From what I see French family culture often means grandparents having their grandchildren to stay for longish periods from very young. E.g, some friends of DH's left their baby with his maternal grandparents for a week to go on holiday when they were 4 months old.
DH's parents seek / crave this. They suggested we left DD overnight with them when she was 10 weeks old, and pushed me to bottle feed (we declined this).
Overall though, they adore her, and have a good relationship.
DD has done some one night sleep overs with my siblings and her cousins on my side. She enjoys it but is very ready to come home in the morning. But she's never been away from home for longer than a night. I could imagine her now doing two nights / a weekend but my parents are divorced and neither are in a position to have her on their own. So it hasn't happened. I have been away from home without her for two night stretches twice, which she has found tough but ok.
DH's parents are now suggesting (I suspect pushing and DH is watering it down) that she goes to stay with them in France for week without us this summer (we are visiting them as a family anyway).
I think this is too long, and too far away, especially given that she doesn't see them that often (this year she saw them at Christmas and then for one day in May). I think even if we saw them often and they regularly cared for DD a week is a very long time for a three year old.
Also, DH's parents are quite controlling. So I am not confident if she was staying with them, that they would contact us or keep us appropriately informed if there were problems (illness, homesickness etc).
However I suspect this will cause tension at some point and would like to find a compromise.
What do others do? I was thinking of offering:
- that they come and stay with us before we go to France.

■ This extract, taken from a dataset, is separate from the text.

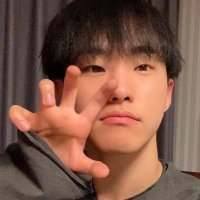 jul (wonu’s version) (@monae1sa) 's Twitter Profile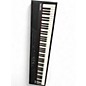 Used Alesis Recital Digital Piano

Possibly that DH and I have a night or two away
- DH and I have a night or two away during the week we are with them
- then once we have had success with those things, that she stays with them for a shorter period (2/3 nights) subsequently, but not this summer.

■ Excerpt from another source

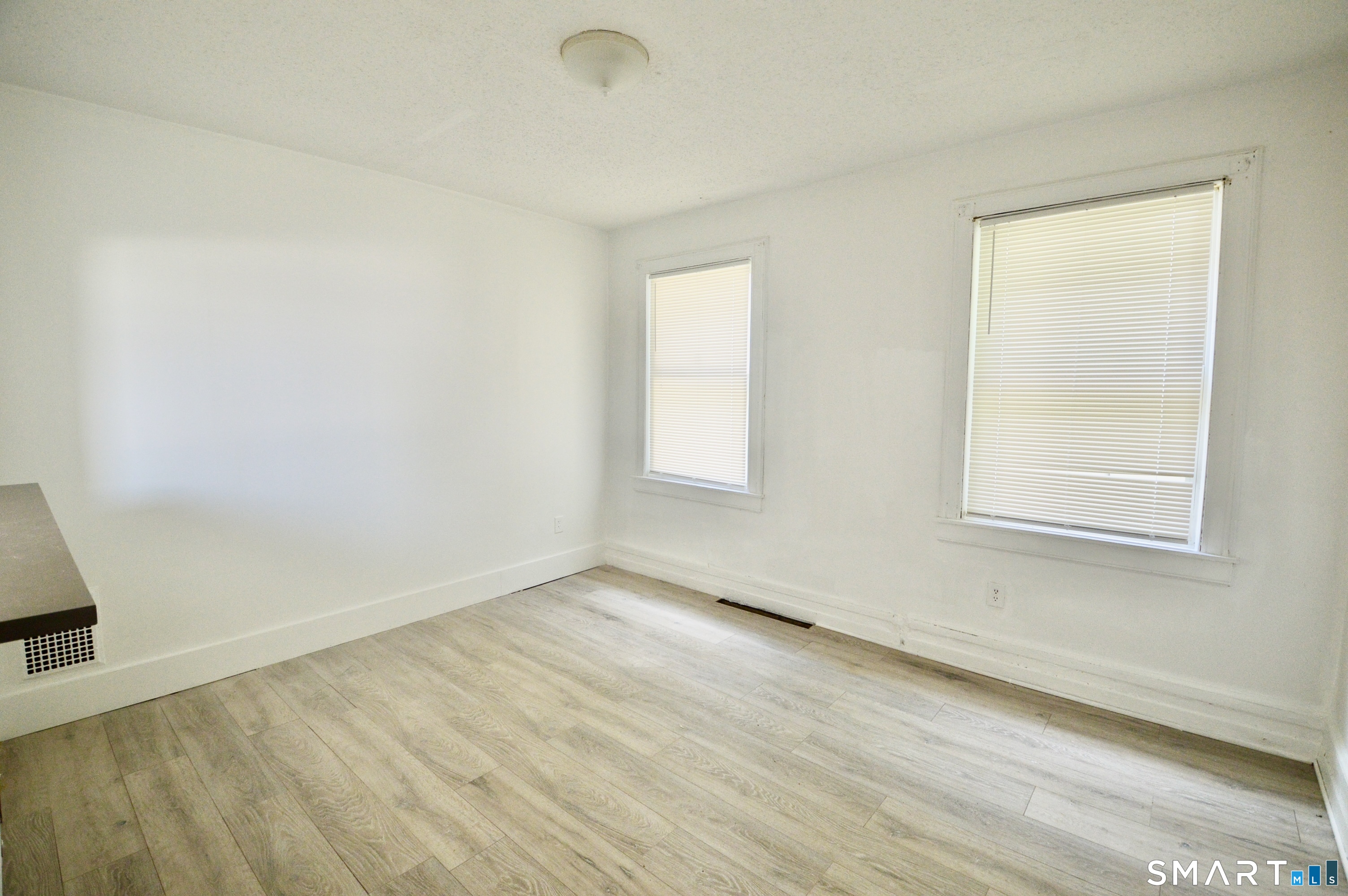 270 East Avenue photo 6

- that we build up to her staying for a week as she enjoys her visits to them without us and she gets older.
Very interested in what others think, especially about age of child / length of time away from both parents and the family home.
I'd not bother with the night in the UK. Better to skip straight to your step two. She will have had a good chance to get to know them over the weeks hols. Go for a night and almost full day each side on day 4 or so. See how it goes. They may find it tougher than they expect as well. Then get them to do a weekend in UK in Autumn then you can build from there.
Also I found once my twins hit three their memory for people go so much better. Both sets of grandparents and most uncles live more than 2 hours away (and my parents are a flight away). They remember them and chat about them even when they haven't seen them for ages. So their relationship will quickly build from here. And she won't find it so alien each time.
If you are not comfortable with it, don't do it. Spend the week with her. To buggery what the gps want, if your child doesn't want to, there is your answer
Thing is Gypsy, it's not just what the GPs want, it's what DH wants.
I think he quite likes the idea of some time off! Also I think he wants to please his parents and feels pressure from them.
He is supportive of our family, eg me breast feeding and not wanting to leave a v young baby. However my approach, which is roughly attachment based, is very different from how his parents raised him, and what I gather to be standard French parenting today, which is much more command and control.
Overall I think he appreciates where I'm coming from, and talks about hard times in his own childhood (being left to cry in his room a lot, total parental control well into the teenage years) though perhaps doesn't connect this to his under confidence in adult life as clearly as it seems to me.
But sometimes I can see he thinks that the 'french' approach would be easier. With a more compliant child etc (I don't think that's a given, even setting aside the long term consequences).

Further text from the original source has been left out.